Le bon sens belge : le système décimal
Les Belges n’ont rien inventé, ils ont simplement gardé ce que le latin leur avait offert : un système décimal clair et linéaire. Septante, octante (même si ce dernier a disparu), nonante… tout découle directement des formes latines septuaginta, octoginta, nonaginta. Ce n’est donc pas une fantaisie moderne, mais un héritage du français ancien que la Belgique a préféré conserver. Un choix validé au XIXe siècle, quand l’enseignement s’est structuré autour d’une norme plus cohérente et plus pédagogique.
Derrière ce maintien du système décimal, il y a une volonté claire : simplifier l’apprentissage, et ne pas alourdir inutilement une langue déjà pleine d’exceptions. Une logique qui a séduit aussi certains enseignants en Afrique francophone, où septante et nonante s’imposent parfois comme des alternatives plus accessibles.
La complexité à la française : un héritage historique
Et la France, dans tout ça ? Eh bien, elle a préféré conserver une forme plus alambiquée, héritée du système vigésimal, basé sur des multiples de vingt. Soixante-dix, c’est donc 60 + 10 ; quatre-vingts, c’est 4 x 20… et quatre-vingt-dix, c’est 4 x 20 + 10. Pas de quoi faire rêver les élèves de CE2.
Cette construction n’est pas un caprice, mais le fruit d’une tradition médiévale, influencée notamment par les Gaulois et d’autres peuples du nord. Elle a été entérinée par l’Académie française au XVIIe siècle, puis renforcée par la centralisation linguistique autour de Paris. Le français de la capitale est devenu la norme, balayant progressivement les autres usages.
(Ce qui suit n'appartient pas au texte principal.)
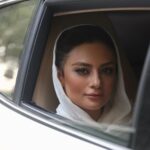 Yekta Naser Instagram - او ميرود دامن كشان من زهر تنهايى چشان ديگر مپرس از من نشان كز دل نشانم ميرود...#سعدى #يكتا_ناصر عكس:معين باقرى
Comme le rappelle le linguiste Bernard Cerquiglini, c’est bien le français parisien qui a imposé ses règles, parfois au mépris de la logique. Ainsi, les “septante” et “nonante” ont été progressivement relégués au rang de curiosités régionales.
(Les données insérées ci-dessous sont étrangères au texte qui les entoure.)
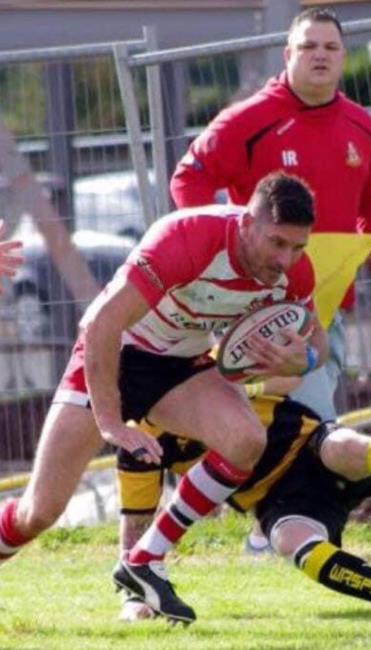 Lee Riley - breaks through a tackle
Une langue, plusieurs identités
Mais le français, ce n’est pas qu’une langue figée. C’est aussi une mosaïque d’usages et d’influences locales. En Belgique, par exemple, on ne dit pas “serviette” mais “essuie”, on parle de “GSM” au lieu de “portable”, et on termine certaines phrases par “une fois”, clin d’œil typique de l’accent bruxellois.
Ce français belge, loin d’être un sous-français, est reconnu, enseigné et utilisé dans tous les domaines officiels. Le Conseil de la langue française de Belgique le rappelle : il a sa norme propre, tout en restant compréhensible par les autres francophones. Une richesse pour la francophonie, qui prouve que la diversité linguistique est une force, pas un obstacle.
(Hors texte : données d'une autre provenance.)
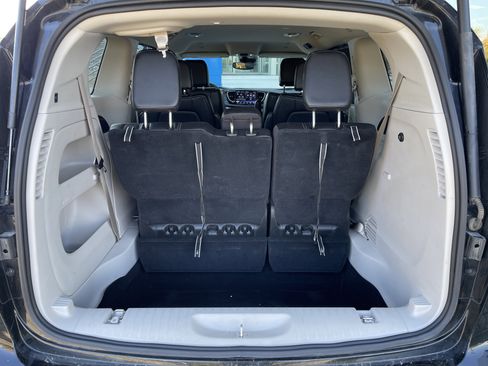 Used 2024 Chrysler Pacifica Touring-L image 42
Une logique qui séduit au-delà des frontières
Mathématiquement, septante est plus simple. Pédagogiquement aussi. On passe de 60 à 70, de 70 à 80… sans gymnastique mentale. C’est un atout pour les enfants, mais aussi pour les apprenants étrangers, qui peinent souvent à décrypter les quatre-vingt-dix et autres énigmes chiffrées.
Certains professeurs français l’avouent sans détour : ce système rend l’enseignement des nombres inutilement complexe. Alors, faut-il abandonner soixante-dix au profit de septante ? Difficile, tant l’habitude est ancrée. Mais une chose est sûre : la clarté des Belges a de quoi faire réfléchir.